The witty, womanising man of the world has appeared in fiction both before and after the heyday of the rake, from Shakespeare to Fleming, but he was never so popular and clearly defined as in the shape of the rake. An elite character, the rake used his sharp tongue, his sword and his wealth to dominate the lower classes and bed the ladies.

His ascendancy came with the English Restoration. The English had suffered through some years of strict Puritan government under Cromwell and when "the merry monarch", Charles II, opened the theatres and started spawning illegitimate offspring the time was ripe of the libertinistic rake to increase his appearance. As theatres introduced women on stage the rake would figure as a role model of enterprising masculinity on stage in the many restoration comedies. The rake reflected the king in many ways; he represents a force above the puritan society, one who presents a wild, primitive force in a polite, civilised dressing. The rake would be, as McGirr puts it, a-social (above society) rather than antisocial (opposed to it).
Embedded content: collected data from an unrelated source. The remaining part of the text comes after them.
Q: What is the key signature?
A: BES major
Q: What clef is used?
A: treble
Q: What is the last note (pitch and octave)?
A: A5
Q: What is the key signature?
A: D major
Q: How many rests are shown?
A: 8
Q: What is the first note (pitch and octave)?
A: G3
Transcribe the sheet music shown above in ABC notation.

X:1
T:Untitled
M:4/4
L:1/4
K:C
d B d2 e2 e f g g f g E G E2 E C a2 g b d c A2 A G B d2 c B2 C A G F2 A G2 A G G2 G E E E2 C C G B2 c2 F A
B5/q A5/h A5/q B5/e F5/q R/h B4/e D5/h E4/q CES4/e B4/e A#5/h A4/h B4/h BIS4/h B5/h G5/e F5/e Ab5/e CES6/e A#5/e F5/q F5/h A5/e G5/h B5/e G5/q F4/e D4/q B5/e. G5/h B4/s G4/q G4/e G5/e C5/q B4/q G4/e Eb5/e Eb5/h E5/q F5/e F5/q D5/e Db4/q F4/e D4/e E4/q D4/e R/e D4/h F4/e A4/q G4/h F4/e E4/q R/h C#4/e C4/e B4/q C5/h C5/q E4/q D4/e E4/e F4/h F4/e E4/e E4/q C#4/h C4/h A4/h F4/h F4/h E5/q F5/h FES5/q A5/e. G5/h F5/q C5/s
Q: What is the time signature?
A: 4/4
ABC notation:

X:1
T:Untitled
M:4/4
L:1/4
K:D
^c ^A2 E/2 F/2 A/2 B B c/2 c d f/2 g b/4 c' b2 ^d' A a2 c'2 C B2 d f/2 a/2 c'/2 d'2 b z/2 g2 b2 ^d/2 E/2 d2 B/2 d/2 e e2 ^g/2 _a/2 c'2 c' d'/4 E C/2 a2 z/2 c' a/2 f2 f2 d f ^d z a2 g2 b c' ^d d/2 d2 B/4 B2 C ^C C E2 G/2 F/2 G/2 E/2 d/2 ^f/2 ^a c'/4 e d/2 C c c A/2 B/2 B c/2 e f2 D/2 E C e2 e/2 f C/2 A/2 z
John Wilmot, 2nd Earl of Rochester,
the model for Dorimant, the rake in George Etherege's Man of Mode

Like in many modern societies, male honour was what mattered for the rake. This should always be present and defended, and so the rake would disregard debts to the rising middle classes, fight offenders wither with wit or sword and ravish women. The three weapons of the rake would therefore be intimately tied to his masculinity, the phallus and the phallic sword and tongue.

However, the appeal of the rake lessened towards the end of the 17th century. Charles failed to produce a legitimate heir and the capital was struck by plague and fire. John Wilmot, 2nd Earl of Rochester (portrayed by Johnny Depp in The Libertine), famous for his rakish lifestyle, died of alcoholism and a number of venereal diseases. Thus the tragic aspects of the rake became more apparent and the reformation of the rake became the agenda of the day. Although Mary Davy's The Accomplish'd Rake and Hogarth's series Marriage a la Mode suggested that the rake would have to be forced into reform, die or go mad Colley Cibber's Love's Last Shift and Samuel Richardson's hugely popular Pamela illustrate the contemporary idea that the rake could be reformed by a virtuous woman and would then be the best possible husband.

Of course there were more damning depictions of the rake throughout the 18th century. In Richardson's Clarissa the rake Lovelace is killed in a duel and in Sir Charles Grandison and Pope's mock-epic Rape of the Lock the rakes are subjected to ricidule before they end up inconsequential. With the extended focus on morality and the rise of the cult of sensibility towards the end of the 18th century the rake had been reformed and rewritten from the personification of the aggressive, conquering masculinity to that of a failed one on the margins of society.